-- Work order --
Please find all lines in the data that hold the string "with" and copy them.

-- Stored data --
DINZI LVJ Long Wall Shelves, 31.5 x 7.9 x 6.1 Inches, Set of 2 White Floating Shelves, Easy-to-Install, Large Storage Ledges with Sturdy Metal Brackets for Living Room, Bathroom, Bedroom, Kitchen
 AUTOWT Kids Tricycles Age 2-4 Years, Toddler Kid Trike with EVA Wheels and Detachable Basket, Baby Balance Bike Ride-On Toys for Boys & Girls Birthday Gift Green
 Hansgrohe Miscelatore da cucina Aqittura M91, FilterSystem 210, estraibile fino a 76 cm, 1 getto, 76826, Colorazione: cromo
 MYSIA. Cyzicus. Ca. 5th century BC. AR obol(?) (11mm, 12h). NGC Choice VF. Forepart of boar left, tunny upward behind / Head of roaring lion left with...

-- Task output --
DINZI LVJ Long Wall Shelves, 31.5 x 7.9 x 6.1 Inches, Set of 2 White Floating Shelves, Easy-to-Install, Large Storage Ledges with Sturdy Metal Brackets for Living Room, Bathroom, Bedroom, Kitchen
 AUTOWT Kids Tricycles Age 2-4 Years, Toddler Kid Trike with EVA Wheels and Detachable Basket, Baby Balance Bike Ride-On Toys for Boys & Girls Birthday Gift Green
 MYSIA. Cyzicus. Ca. 5th century BC. AR obol(?) (11mm, 12h). NGC Choice VF. Forepart of boar left, tunny upward behind / Head of roaring lion left with...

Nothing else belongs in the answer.